Goal of the exercise:
Output the complete listing exactly, please, and keep the pictures out of it.

Exercise input:
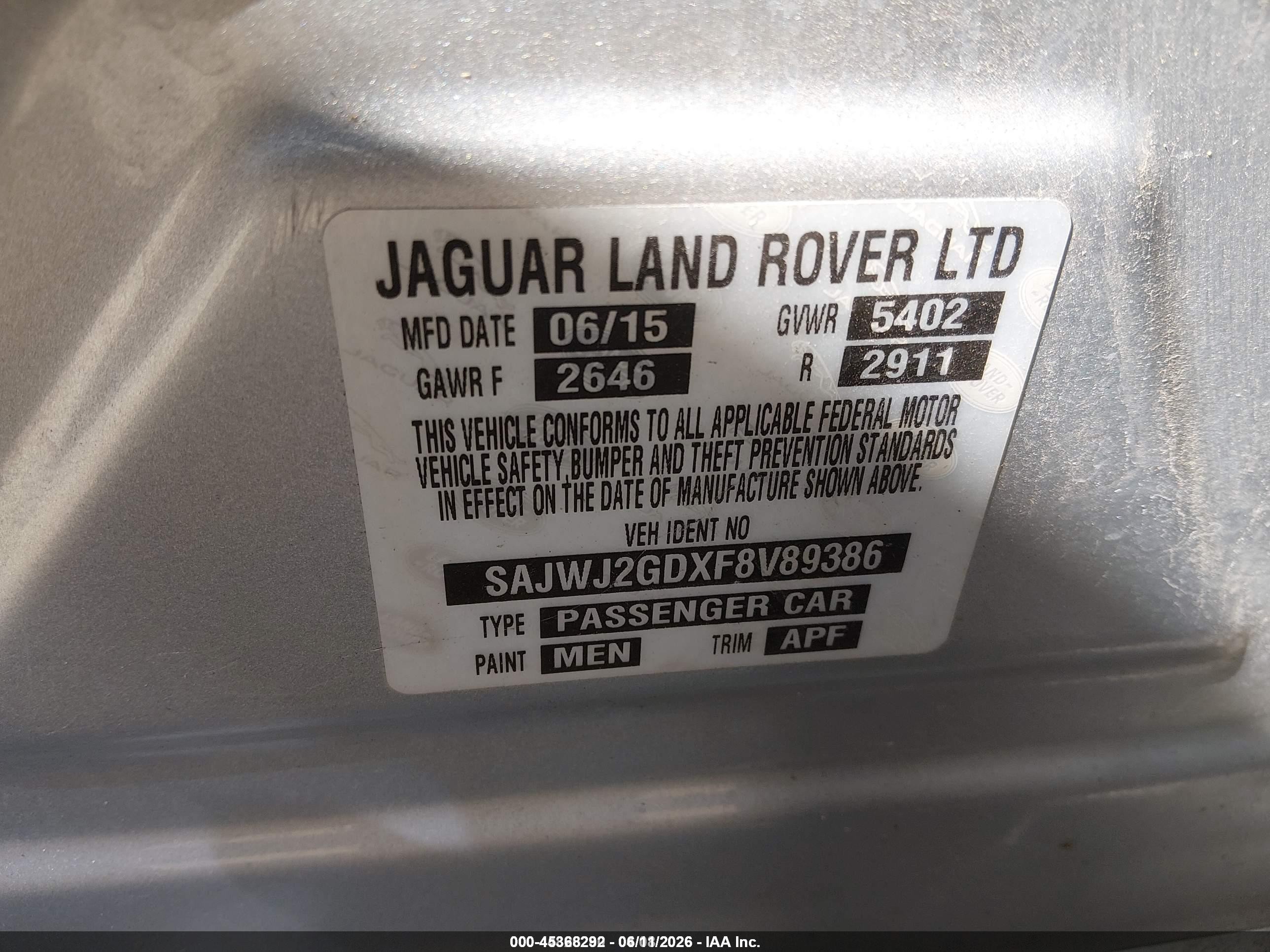 2015 Jaguar Xj Xjl Portfolio Silver vin: SAJWJ2GDXF8V89386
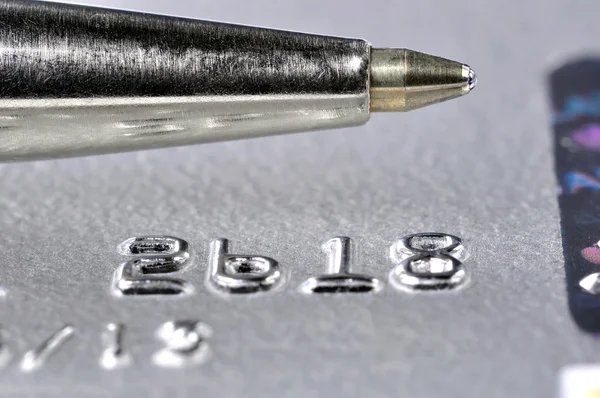 Credit Card and Pen — Stock Photo, Image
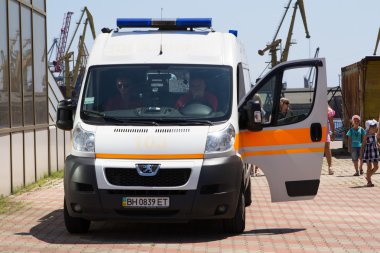 Odesa, Ukrayna - 03 Temmuz 2016: Liman iskelesinde ambulans . Donanma günü kutlaması.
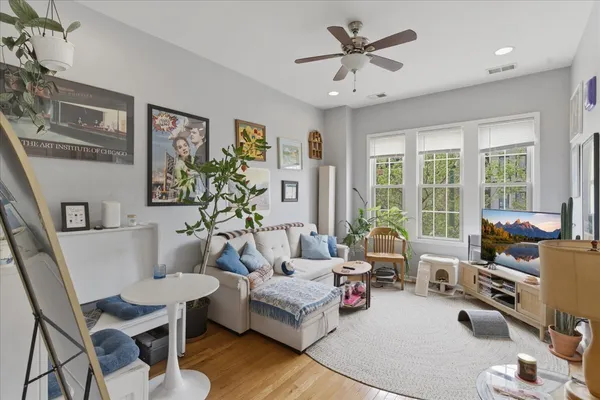 $4,400 | 3727 North Ashland Avenue, Unit 3, Chicago, IL 60613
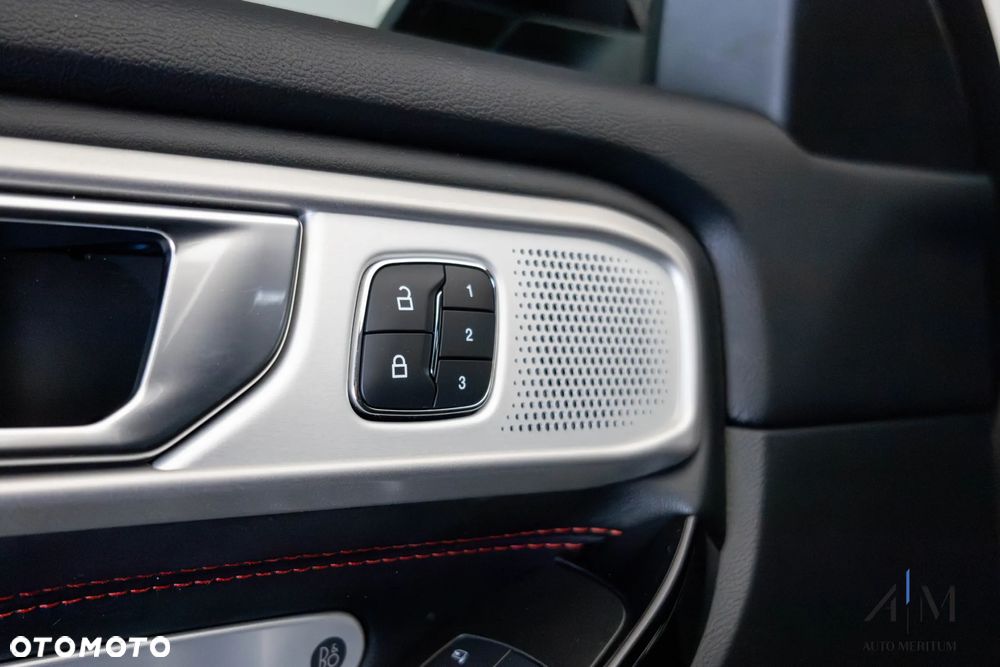 Ford Explorer 3.0 EcoBoost PHEV 4WD ST-Line - 25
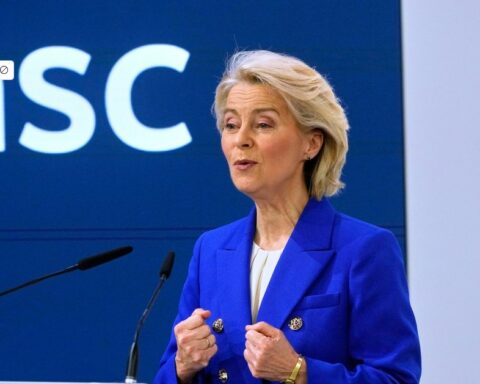 Φον ντερ Λάιεν στη Διάσκεψη του Μονάχου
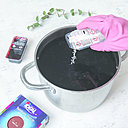 3- Préparer le mélange terre cuite et chocolat teinture dans une bassine d'eau chaude.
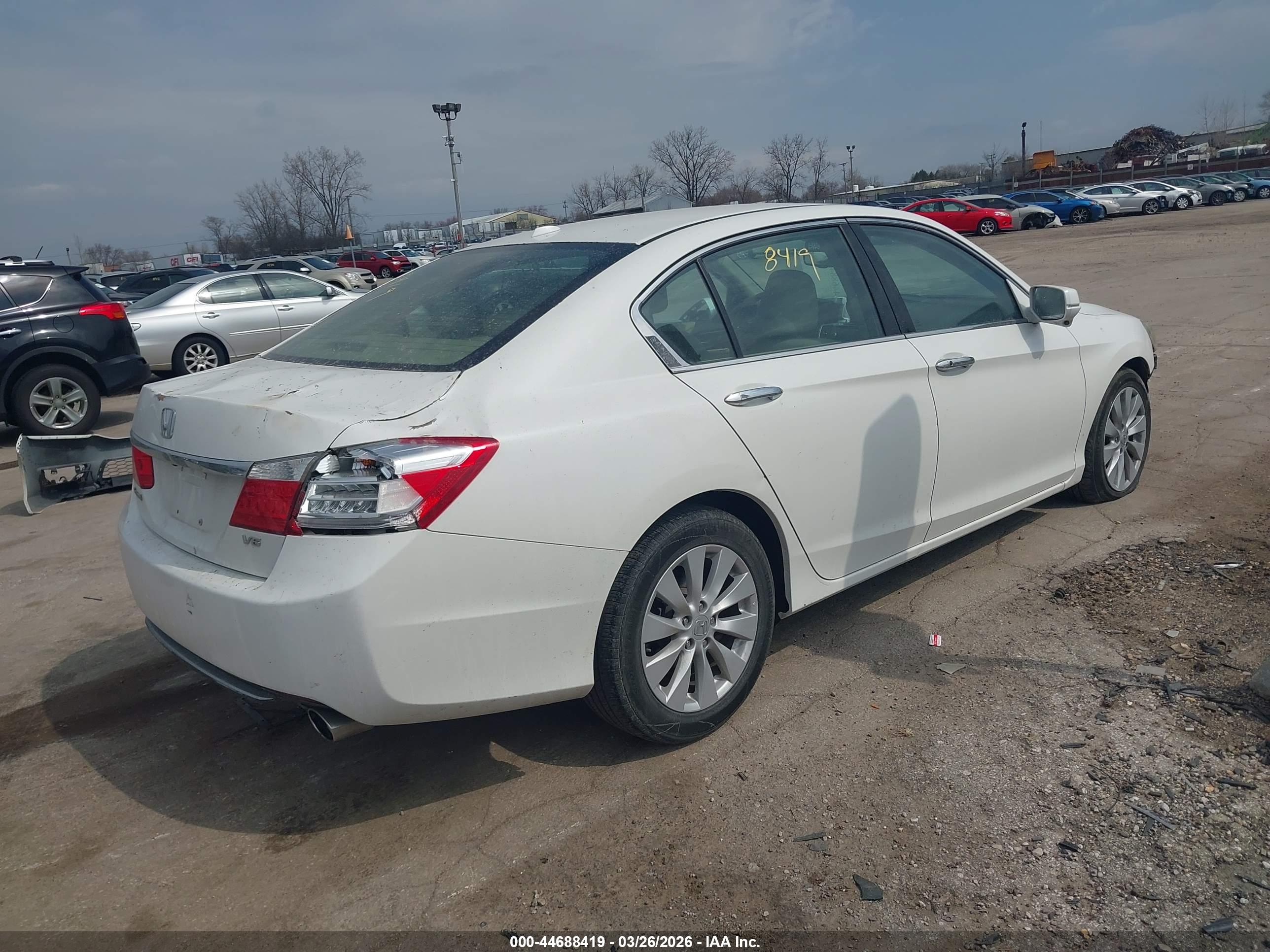 HONDA ACCORD image 4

Your solution:
 2015 Jaguar Xj Xjl Portfolio Silver vin: SAJWJ2GDXF8V89386
 Credit Card and Pen — Stock Photo, Image
 Odesa, Ukrayna - 03 Temmuz 2016: Liman iskelesinde ambulans . Donanma günü kutlaması.
 $4,400 | 3727 North Ashland Avenue, Unit 3, Chicago, IL 60613
 Ford Explorer 3.0 EcoBoost PHEV 4WD ST-Line - 25
 Φον ντερ Λάιεν στη Διάσκεψη του Μονάχου
 3- Préparer le mélange terre cuite et chocolat teinture dans une bassine d'eau chaude.
 HONDA ACCORD image 4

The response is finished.